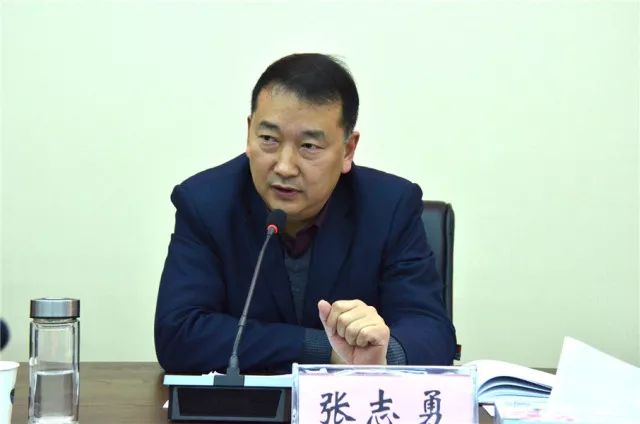 张志勇代表新区管委会与湖北银行荆门分行签订了战略合作协议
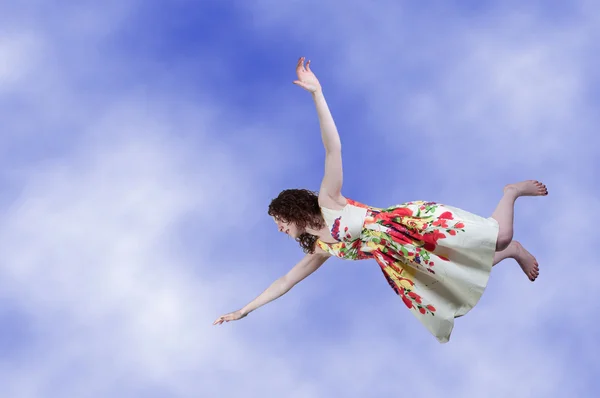 Mulher caindo através do céu — Fotografia de Stock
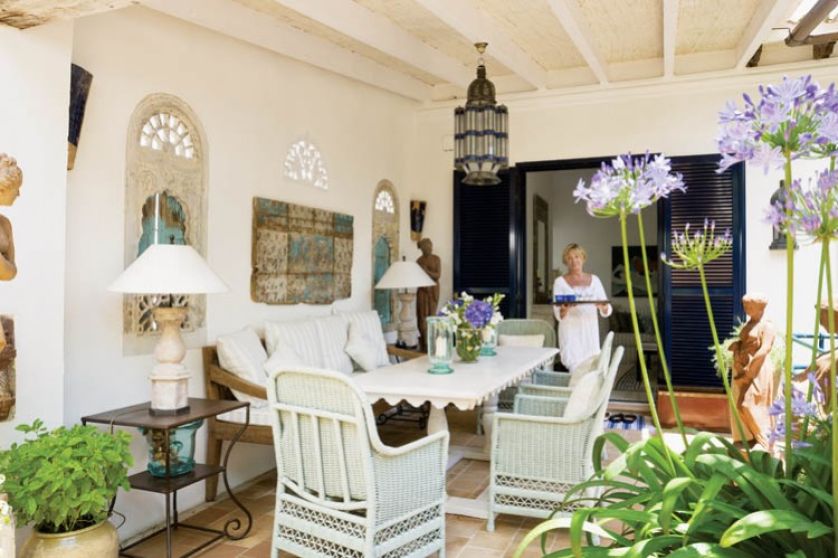 Słoneczna rezydencja to spełnienie marzenia o ciepłym klimacie pośród pięknej architektury.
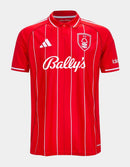 CAMISETA NOTTINGHAM FOREST PRIMERA EQUIPACION 25/26 - Bota de Oro Tienda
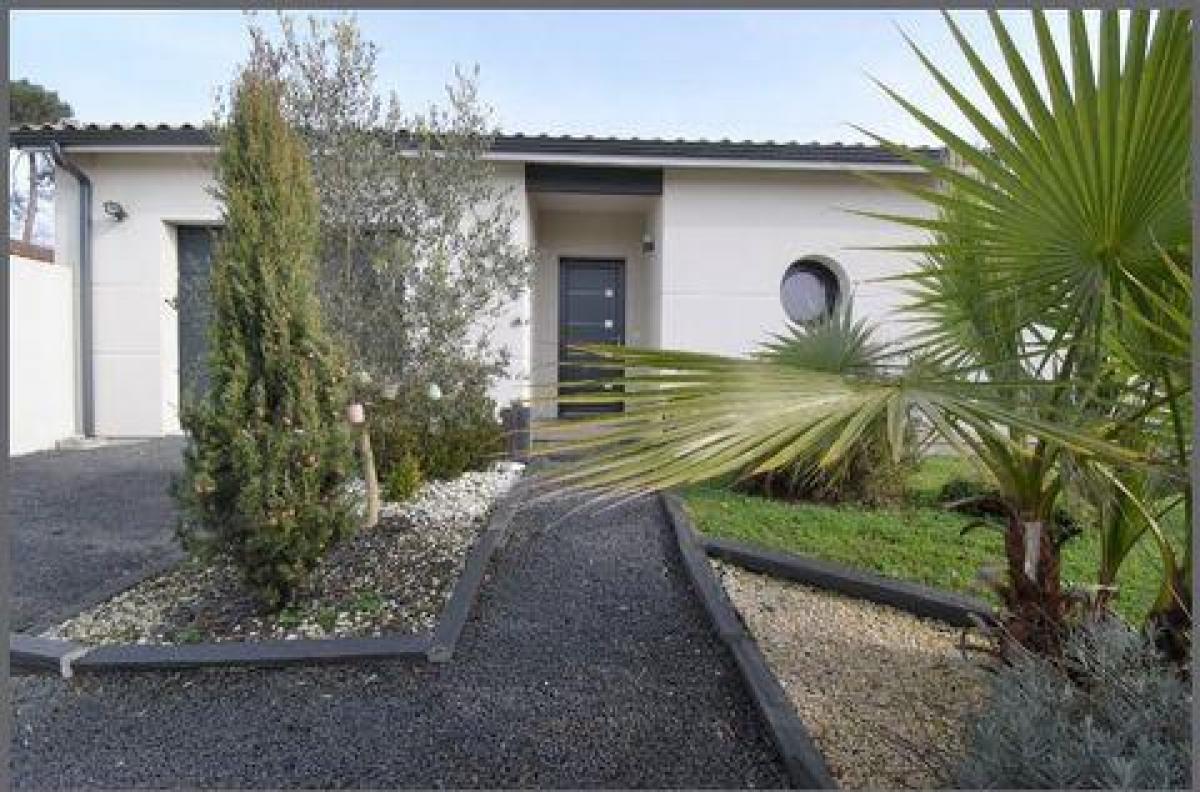 Picture of Home For Sale in Cadaujac, Aquitaine, France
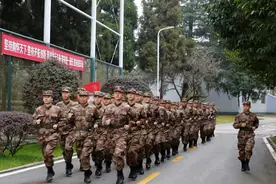 开训即开战 动员即誓言图片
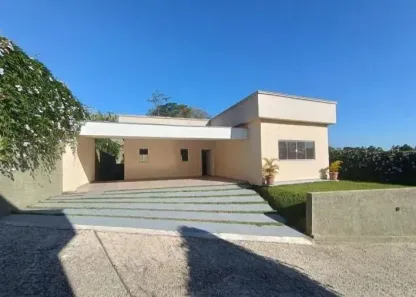 Casa com 3 Quartos para alugar, 198m² no Chácara dos Junqueiras, Carapicuíba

### Task description
Copy only what lies between the line with "Słoneczna rezydencja to" and the line with "开训即开战 动员即誓言图片", those two lines included, exactly as given above; pictures stay out.

### Solution for this exercise
 Słoneczna rezydencja to spełnienie marzenia o ciepłym klimacie pośród pięknej architektury.
 CAMISETA NOTTINGHAM FOREST PRIMERA EQUIPACION 25/26 - Bota de Oro Tienda
 Picture of Home For Sale in Cadaujac, Aquitaine, France
 开训即开战 动员即誓言图片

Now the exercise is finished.